Athena GPU Cluster User Guide

Athena (GPU) Cluster – SLURM QuickStart

Athena is a shared Technion GPU cluster managed by SLURM. You request resources (GPUs, CPUs, memory, time),
and SLURM decides when and where your job runs based on your chosen partition, QoS, and runtime estimate.

Most important practical consequence:
shorter jobs requesting fewer resources tend to start earlier.
Always provide a realistic --time estimate.

Access & first login

1) New user registration (one-time)

All new users must register through:

https://reg-hpc.technion.ac.il/

Under Affiliations, select the appropriate affiliation.
Under Budget Owner, add <Your Lab PI>.

2) SSH to Athena

ssh <USER>@athena.technion.ac.il

Authenticate with your Technion password.

Optional: passwordless login

# On your local machine
ssh-keygen -t ed25519

# Copy the public key to Athena
ssh-copy-id <USER>@athena.technion.ac.il

Submission workflow

A SLURM submission is typically defined by:

Partition: which pool of nodes your workload may run on
QoS: limits + priority within that partition
Resources: GPUs / CPUs / memory / time

Workflow: pick a partition → pick an allowed QoS → request resources → run srun (interactive) or sbatch (batch).

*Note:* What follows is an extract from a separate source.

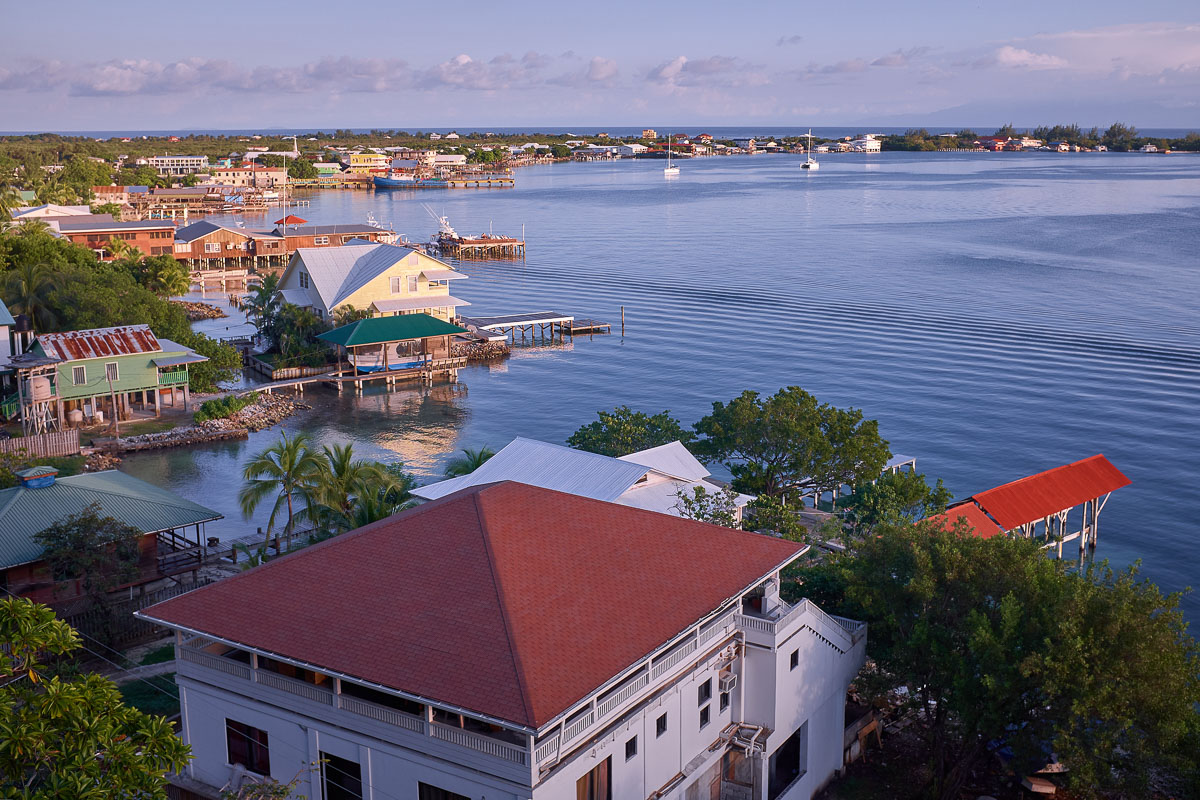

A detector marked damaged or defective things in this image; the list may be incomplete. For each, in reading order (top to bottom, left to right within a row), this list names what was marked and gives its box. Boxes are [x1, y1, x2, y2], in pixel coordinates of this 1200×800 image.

rusty metal roof [38, 326, 163, 362]
rusty metal roof [969, 455, 1128, 532]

Step 1: Choose a partition

What is a partition?

In Athena (and SLURM in general), a partition is a logical group of compute nodes that share the same
hardware type, access policy, and scheduling rules. You can think of a partition as a queue with specific machines behind it.

Partition types (Public / Shared / Contributor)

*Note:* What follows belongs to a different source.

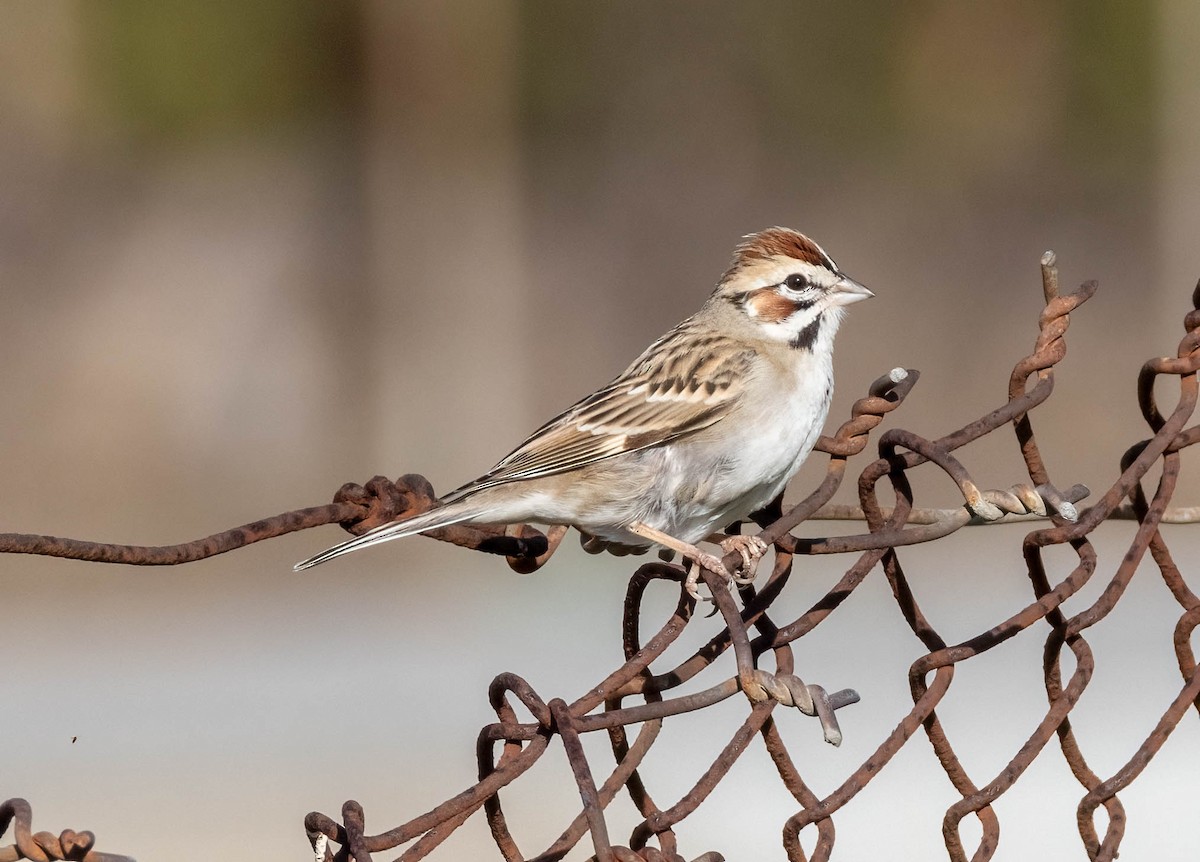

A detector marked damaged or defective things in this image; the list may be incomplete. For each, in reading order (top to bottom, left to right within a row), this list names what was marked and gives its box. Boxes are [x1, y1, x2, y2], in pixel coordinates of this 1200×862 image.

rusted wire loop [0, 801, 132, 862]
rusty chain-link fence [2, 258, 1200, 862]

Type	Who it serves	Operational behavior
Public partitions `*-public`	All authorized researchers (non-contributors and contributors)	Stable: jobs are not preempted. Typically stricter limits on time/GPUs.
Shared partitions `*-shared`	Combines Technion-owned resources with contributor resources	Jobs can be stopped at any time. Use checkpointing and auto-resume.
Contributor partitions `<name>`	Dedicated partitions for a contributor lab’s resources	Preferred access for that contributor; can preempt public users on shared resources (where applicable).

Shared partitions: assume preemption. Enable checkpointing and resume automatically from the last checkpoint.

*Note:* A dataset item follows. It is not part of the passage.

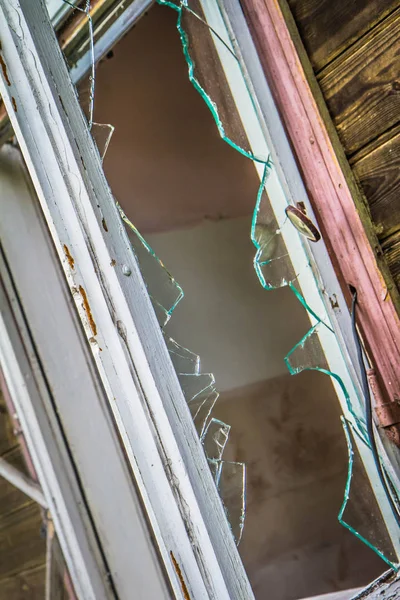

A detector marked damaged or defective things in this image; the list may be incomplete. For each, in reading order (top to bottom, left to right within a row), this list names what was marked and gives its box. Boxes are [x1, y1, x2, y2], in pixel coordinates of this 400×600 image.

shattered glass pane [340, 420, 398, 568]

Examples of partition names

Partition	Meaning
`a100-public`	Public partition backed by A100 GPU nodes
`l40s-shared`	L40S GPUs in a shared partition
`h200-shared`	H200 GPUs in a shared partition
`l40s-benisty`	Contributor partition (dedicated to a specific lab)

Which partitions are currently available?

tsinfo
tsinfo <partition_name>

Check availability (tsinfo / tsqr)

Overall availability: interpret tsinfo output

tsinfo
tsinfo <partition_name>

CPU notation

SLURM reports CPU state as:

A – Active
I – Idle
T – Total

CPUS(A/I/T): 36 / 220 / 256

This means 36 CPUs are currently in use and 220 are idle out of 256 total.

GPU notation

gpu:nvidia_a100:2 (IDX:0,2) → GPUs 0 and 2 are allocated
:0 → no GPUs in use

Queue status

tsqr running
tsqr pending
tsqr NODELIST
tsqr -u <username>

Step 2: Choose a QoS

QoS (Quality of Service) controls: max runtime, max GPUs, scheduling priority, and preemption behavior.

Inspect QoS options

tsqos
tsqos <qos_name>

Example QoS tiers

QoS	Max runtime	Max GPUs	Priority	Typical use
`2h_2g`	2 hours	2	High	Short development workloads
`4h_0g`	4 hours	0	High	Short CPU-only workloads
`12h_4g`	12 hours	4	Medium	Default shared usage
`24h_4g`	24 hours	4	Lower	Long public workloads
`contrib`	7 days	No limit	Very high	Contributor workloads (group/server)

Key rules to internalize

Higher priority QoS runs first.
Shorter runtime = higher priority. Estimate runtime as closely as possible.
contrib can preempt shared workloads; shared workloads get a 5-minute grace period before re-queue.
TRESPU limits total resources per user.
MAXJOBSPU limits number of concurrent jobs.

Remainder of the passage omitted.